The models were laid up in molds made from original wooden patterns, with plastic detailing and a vacuum-formed canopy.
The vehicles were particularly recognizable for their flaring and spinning police lights. In fact, the larger scale Spinner models were a significant feat of engineering. They were made to include room for cabling, stepper motors, lighting, and even nitrogen plumbing for exhaust.
“Late in the development of the models, Ridley asked for a rack of gumball-style police lights to be mounted on top of the car,” says Stetson. “Getting the lights to spin on the model required a new lighting rig that replaced the rear bodywork on the model and was shot on a repeat pass using motion control. We made little brass cans for each halogen light, with lensed snoots driven through speedo cables by a rack of stepper motors on the back of the car.
Shooting in a heavily smoked stage, you’d see these beams of light rotating around, done on a second pass on the model. It was really effective and it really looked beautiful.”
BLADE RUNNER’S BROADCASTING BLIMP
A feature of future Los Angeles is a blimp that hovers over the city with video-screen advertising on its sides. It was realized as a miniature craft, wired with a mass of fiber optic cables for lighting,
and had footage thrown onto the screens via a synchronized 35mm projector during a second pass.

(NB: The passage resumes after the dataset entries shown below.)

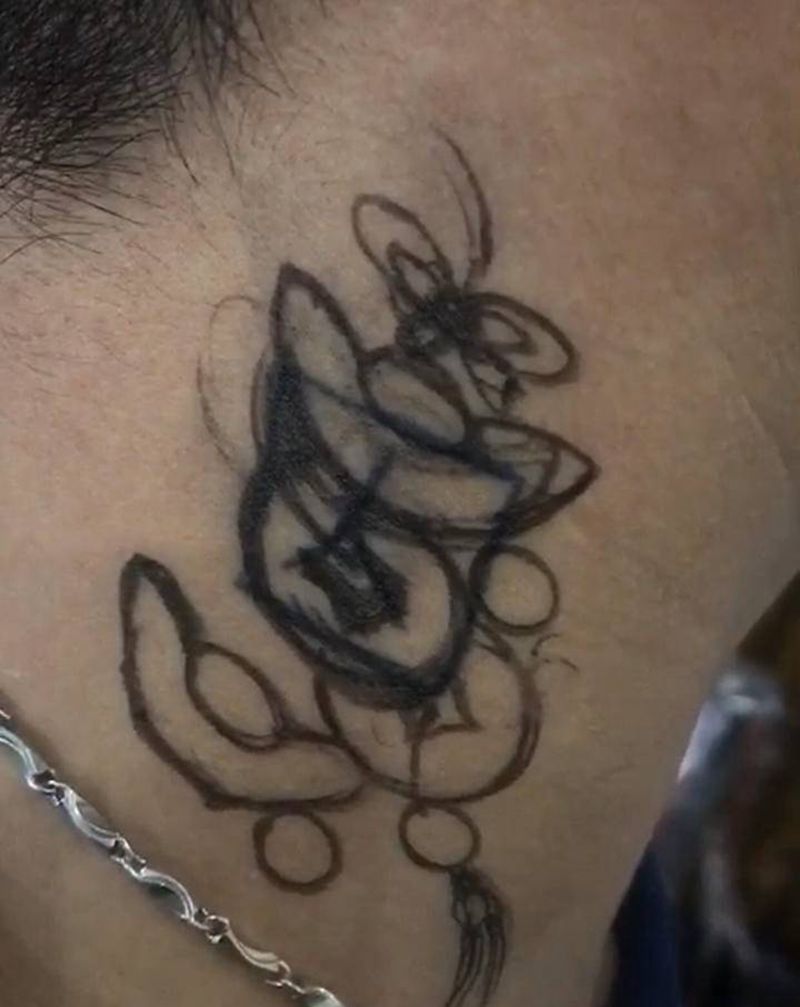 财富纹身图片_肩部水彩纹身图案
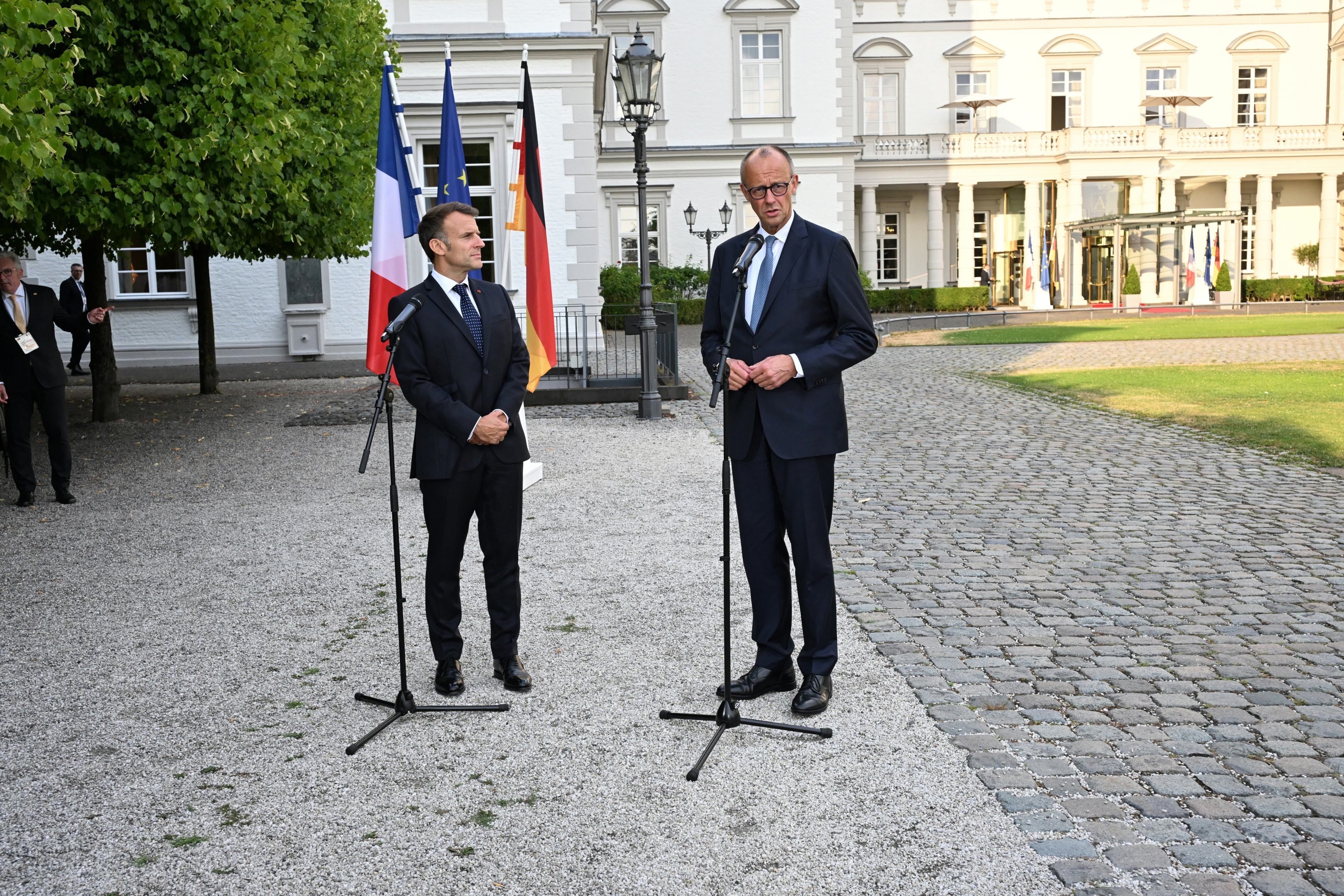 Macron und Merz: Bensbergs historischer Tag mit Bundeskanzler und Staatspräsident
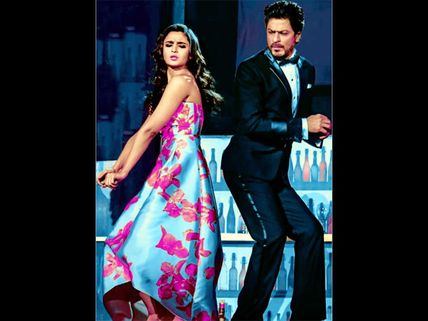 Totally Unexpected! Shahrukh Khan Is Playing Alia Bhatt's Love Guru In Gauri Shinde's Next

Stetson imagined making the blimp by cutting a template of the perimeter into a thick piece of plywood, then stretching a piece of surgical rubber sheet across it. “I thought we could just fill it with plaster and let the weight of it sag the rubber sheet and we’d get a real nice pneumatic feel to our mold,” he says. Although the plaster proved too heavy for that concept, the modelmakers were able to generate an ‘organic’-looking shape around which they retrofitted framework and many intricate model parts.
The blimp had three projection screens, which were actually re-purposed trays from a children’s magnetic ball game (these were also used for a particularly iconic shot of a Geisha appearing on the side of an LA skyscraper). “We painted the trays opaque black and then dry-brushed silver paint over the top of them,” outlines Stetson. “That became our somewhat pixelated-looking projection screen.”
CITY BUILDING
Miniature city buildings and environments, along with matte paintings, made up views of a 2019 Los Angeles. The model buildings were a purposely mixed bag of structures and recycled constructs, as well as some secret inserts included by Stetson’s team. Look out for a building that has a suspiciously similar shape to the Millennium Falcon, based on Bill George’s 5-foot replica. Also look for Jon Roennau’s 4-foot replica of the Dark Star ship from the John Carpenter film. “Basically,” says Stetson, “it was like, turn everything you could possibly find into a building and throw it in the city.”
An initial set of miniature buildings was constructed in a traditional manner with the buildings sitting on the floor, which fulfilled storyboards that were conceptually more like vertical set extensions of the city street set at the Burbank Studios. Ridley Scott soon desired shots to be achieved as aerials with a complicated mix of city structures below.
“What Ridley really wanted was more of Syd Mead’s visualization of the future for the film, with soaring megastructures planted among the decaying remains of the old city below,” recalls Stetson. “So the emphasis in the miniature build shifted to huge towers and high-altitude aerial views.” Since the motion-control camera rig was such a large apparatus, obtaining high-angle shots presented a rigging problem. The solution: tilting the buildings and allowing for a lower angle of attack.
“These pieces of motion-control equipment were big and heavy because they were designed to carry 65mm cameras,” notes Stetson. “We just didn’t have the height in the studio and we couldn’t get the camera high enough to make these moving shots work unless we tilted the models over.”